The Jackson snub is not defensible. Selectors are simply ignorant. You could make an argument that Marshall and Jackson both deserved to go along with Wayne and Welker, and that Andre Johnson and Randy Moss should be the odd players out. Defensible, but I’d give the nod to Andre Johnson, one of the best talents in the game.
OT Jake Long, Dolphins
Great player, great career ahead of him, this is the first of many pro bowl trips for the big guy from Lapeer, MI. This year though, you can’t say enough about the year that Titans RT David Stewart had, except that they couldn’t find a spot in the pro bowl for him. Granted, the AFC is flush with dominant tackles right now, and there’s nothing wrong with Long getting to go, but Stewart might have been the best tackle in the league this year, and his linemate, Michael Roos, might have been the best in the league last year. Jason Peters was in the NFC this year, so he wasn’t around to snub more deserving players, so either Jake Long, or Joe Thomas should have been out.

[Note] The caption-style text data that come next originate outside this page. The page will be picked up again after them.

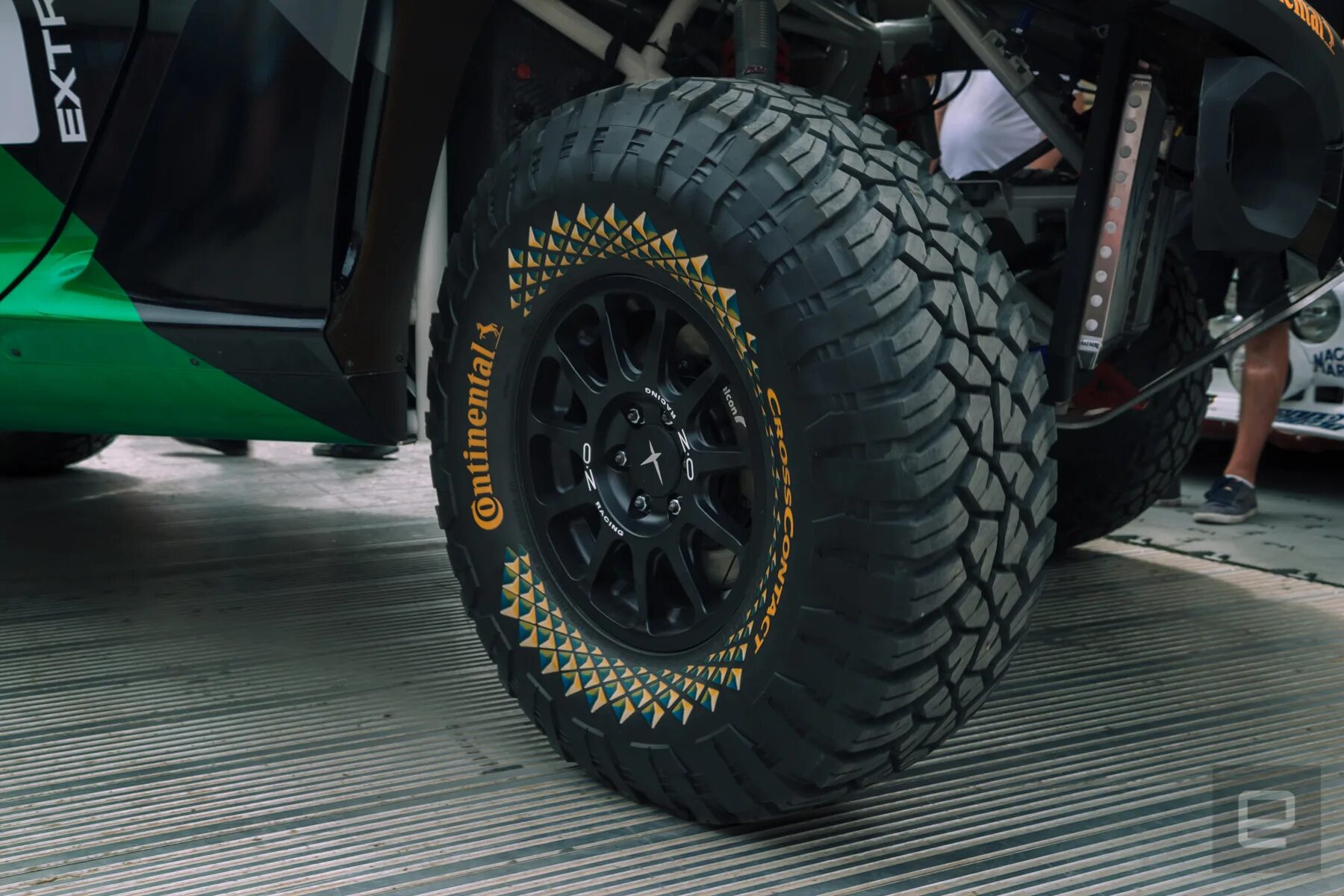 Электровнедорожник «odyssey 21». Odyssey 21. Электровнедорожник «odyssey 21». Odyssey 21 e-suv. 2022 spark odyssey 21.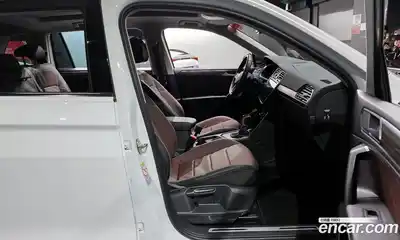 Volkswagen Tiguan 2023 2.0 гидро в Москве № 198928, миниатюра 10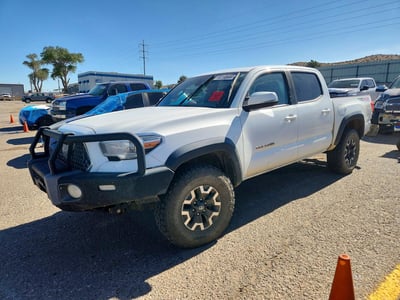 3TMCZ5AN6KM****** 2019 Toyota Tacoma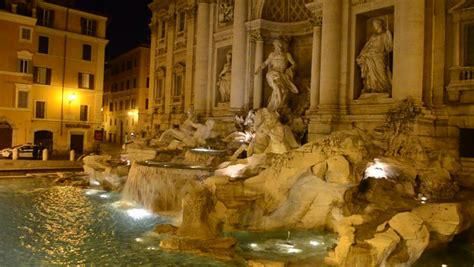 Night View Over Fontana Di Trevi In Rome. Stock Footage Video 6737743 - Shutterstock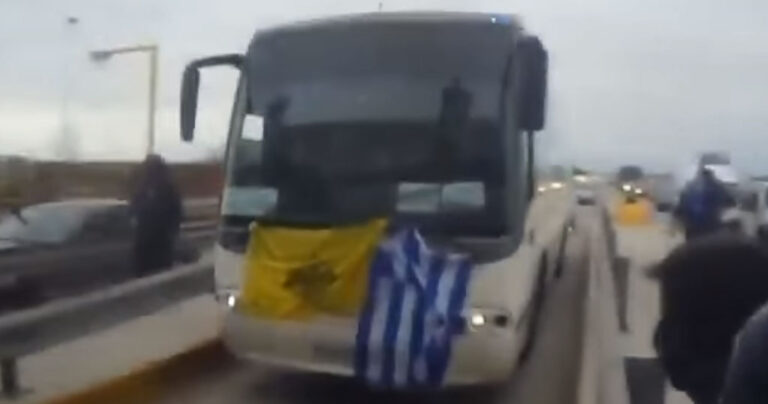 Πολίτες περνούν τα διόδια κορνάροντας και μπαίνουν στην Θεσσαλονίκη για το συλλαλητήριο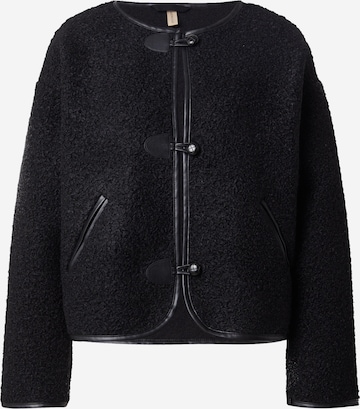 Giacca di mezza stagione di Soyaconcept in nero: frontale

And unfortunately for Stewart, “The Blind Side” star Michael Oher is on everyones radar and could be a pro bowl player next year. Stewart may never get to go.
RB DeAngelo Williams
Great year last year, and had more yards this year than Jonathon Stewart did. With that said, DeAngelo Williams was probably not the best runner in his own backfield this year, which has prompted the inevitable trade talk. Instead, I would have given the nomination to either Ryan Grant, or Frank Gore for third running back. Both were more deserving than Williams, Gore, I think, the most deserving.
Either way, Adrian Peterson feels like a by default selection with not a ton of RB talent in the NFC this year. Williams just looks out of place on the roster.
TE Jason Witten
Does a bunch of irreplaceable things for the Cowboys offense, but definitely took a back seat this year to Miles Austin as well as that running game he spent so much time blocking for. Instead, why not give this spot to Vicante Shiancoe of the Vikings or Brent Celek of the Eagles?
OT Jason Peters
Really, it’s been three straight years where you could argue that Peters has been a below average NFL tackle, but made the pro bowl anyway. Now, if you’ve seen the NFC field for tackles (as well as the next guy on this list), you would know why this is still defensible. The only good pick was New Orleans RT Jon Stinchcomb as a reserve, which is right about at the level he has played at. There weren’t a bunch of pro bowl worthy tackles, but that doesn’t mean it was right to snub Falcons LT Sam Baker because he’s not a big name. Also in play: RT Winston Justice of the Eagles. Remember him?
OT Bryant McKinnie
I have three ideas where this pick could have gone instead of to McKinnie, who has been an outright disaster. I mean, Orlando Pace has been just as awful, and he’s been to pro bowls before. Why not him?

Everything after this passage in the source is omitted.